> [DESCRIPTION OF THE TASK]
Among the entries below, retype exactly the lines starting with the one with "LENTES613$1" and going on through the one with "Sport Čabraka HKM Florence deep blue PONY", but not the pictures.

> [TASK DATA]
<<<<
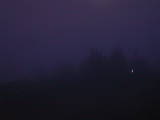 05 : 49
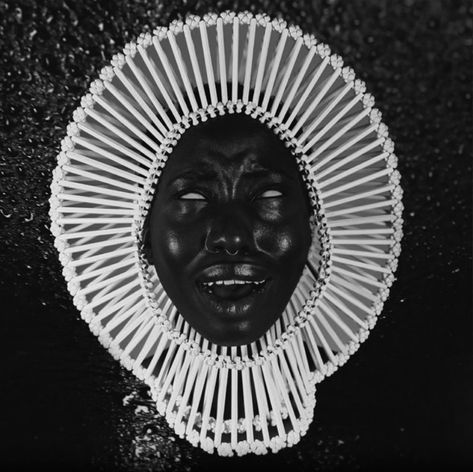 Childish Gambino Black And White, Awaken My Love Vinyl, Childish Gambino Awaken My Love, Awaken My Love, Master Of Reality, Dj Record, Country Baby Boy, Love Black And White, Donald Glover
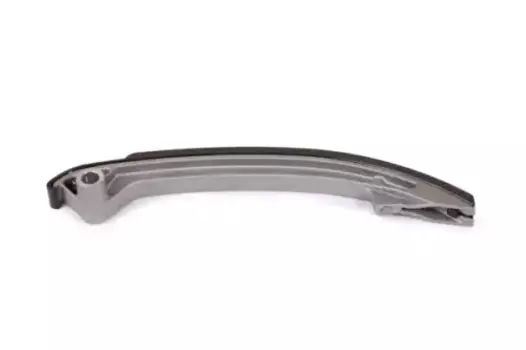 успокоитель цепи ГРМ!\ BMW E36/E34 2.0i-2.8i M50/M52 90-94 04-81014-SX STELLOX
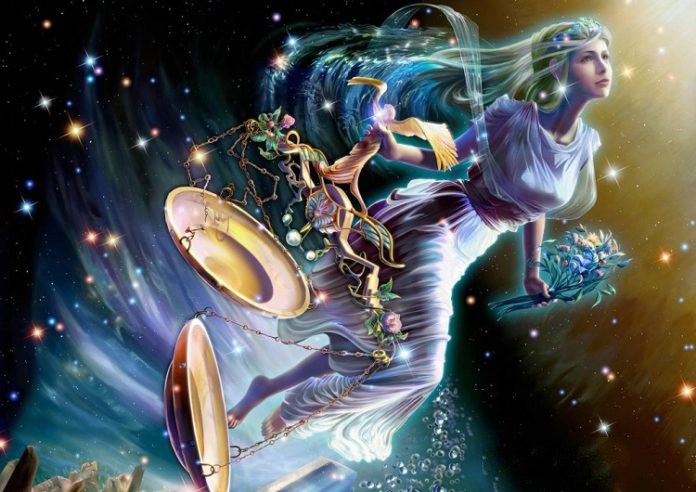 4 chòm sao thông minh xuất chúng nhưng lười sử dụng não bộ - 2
>>>>
<<<<
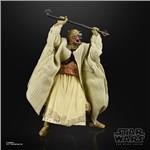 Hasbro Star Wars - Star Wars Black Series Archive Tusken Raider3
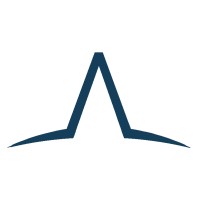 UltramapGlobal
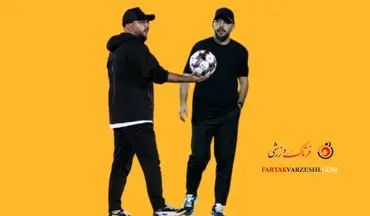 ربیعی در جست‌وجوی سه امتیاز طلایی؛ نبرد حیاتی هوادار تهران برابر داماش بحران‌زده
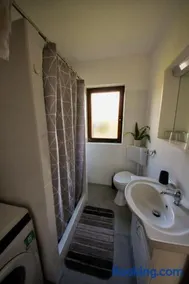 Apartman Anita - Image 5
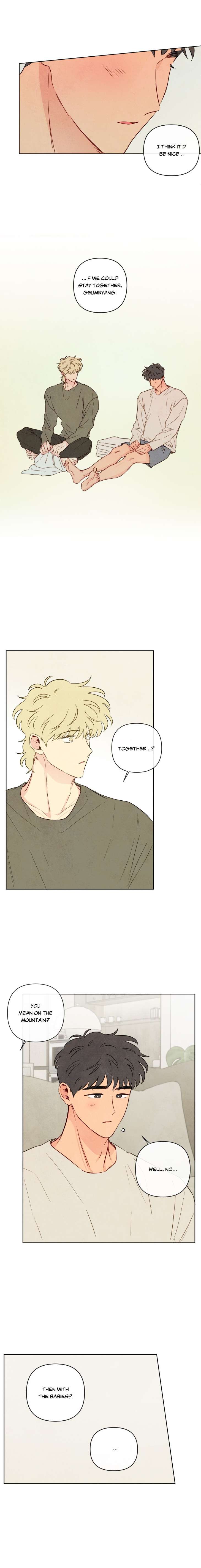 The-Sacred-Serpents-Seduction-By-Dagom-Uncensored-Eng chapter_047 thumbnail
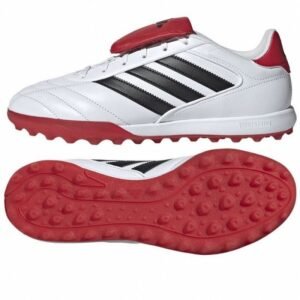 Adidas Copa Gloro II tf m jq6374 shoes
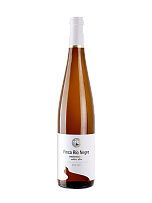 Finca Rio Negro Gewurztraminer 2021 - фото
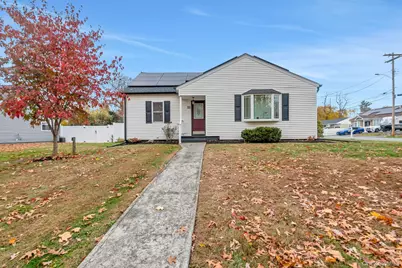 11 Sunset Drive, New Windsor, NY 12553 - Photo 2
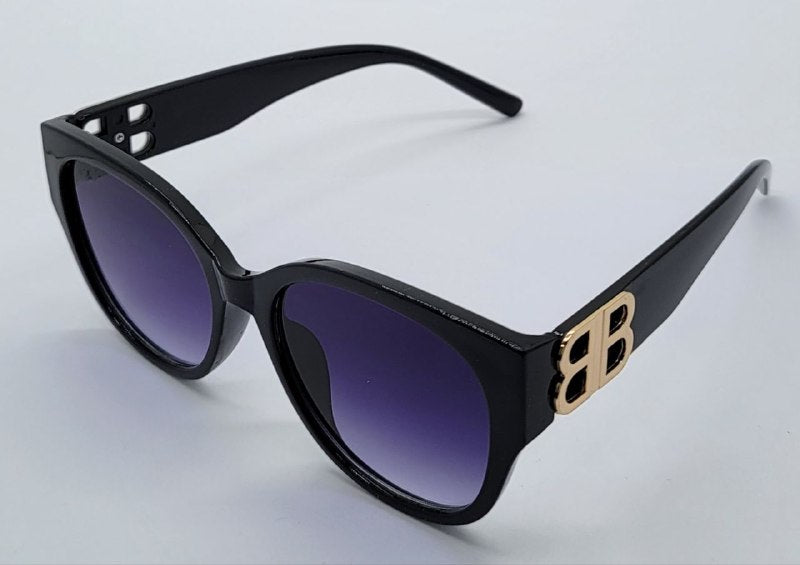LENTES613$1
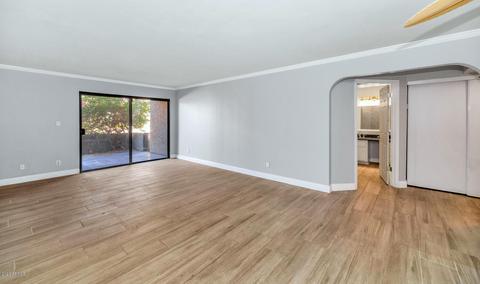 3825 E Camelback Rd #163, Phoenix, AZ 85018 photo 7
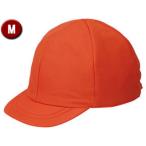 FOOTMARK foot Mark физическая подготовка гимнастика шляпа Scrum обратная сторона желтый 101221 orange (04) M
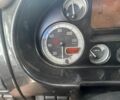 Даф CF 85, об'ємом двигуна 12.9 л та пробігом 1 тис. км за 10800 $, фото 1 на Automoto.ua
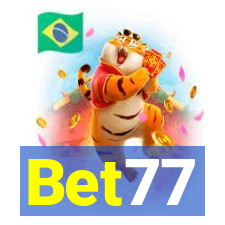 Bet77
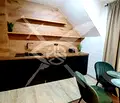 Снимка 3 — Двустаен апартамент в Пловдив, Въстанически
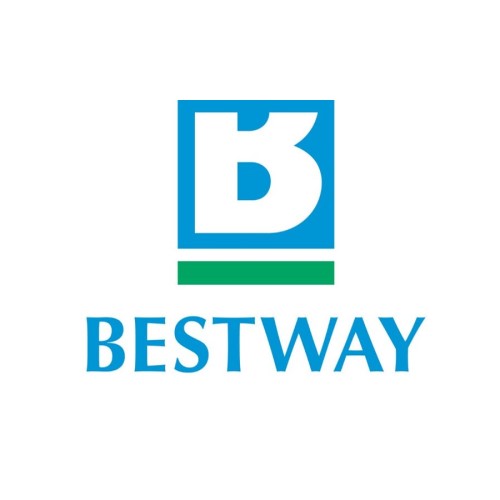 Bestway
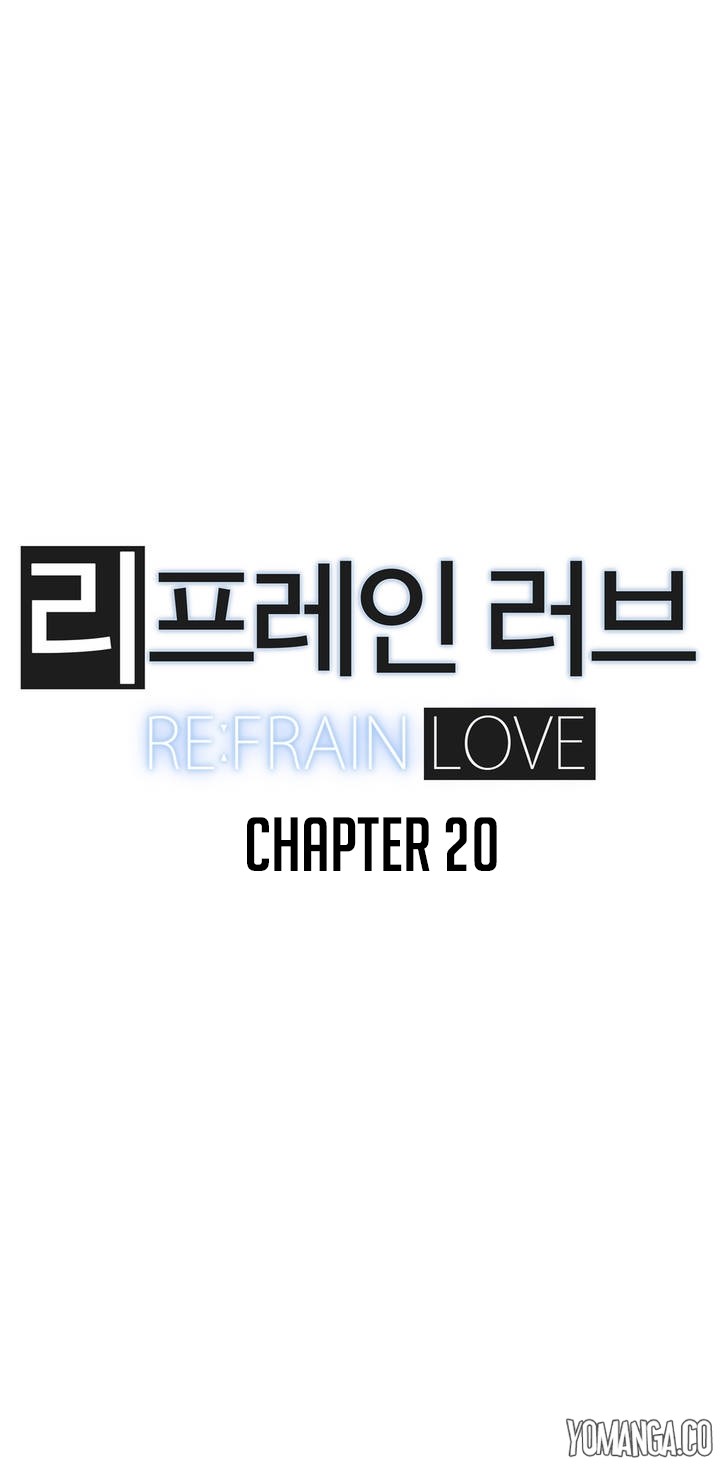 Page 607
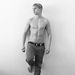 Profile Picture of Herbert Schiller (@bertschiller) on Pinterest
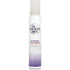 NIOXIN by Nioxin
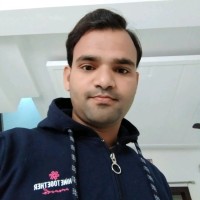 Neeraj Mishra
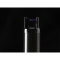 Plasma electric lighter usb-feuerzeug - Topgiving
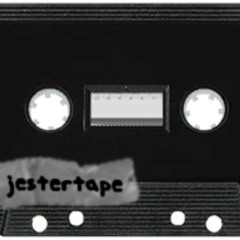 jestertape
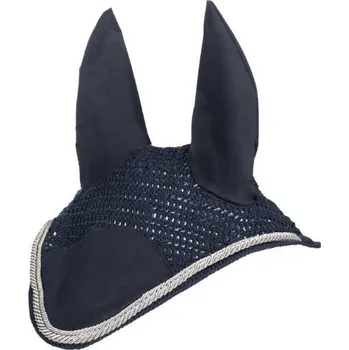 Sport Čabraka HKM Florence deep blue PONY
>>>>
> [RESPONSE AREA]
LENTES613$1
 3825 E Camelback Rd #163, Phoenix, AZ 85018 photo 7
 FOOTMARK foot Mark физическая подготовка гимнастика шляпа Scrum обратная сторона желтый 101221 orange (04) M
 Даф CF 85, об'ємом двигуна 12.9 л та пробігом 1 тис. км за 10800 $, фото 1 на Automoto.ua
 Bet77
 Снимка 3 — Двустаен апартамент в Пловдив, Въстанически
 Bestway
 Page 607
 Profile Picture of Herbert Schiller (@bertschiller) on Pinterest
 NIOXIN by Nioxin
 Neeraj Mishra
 Plasma electric lighter usb-feuerzeug - Topgiving
 jestertape
 Sport Čabraka HKM Florence deep blue PONY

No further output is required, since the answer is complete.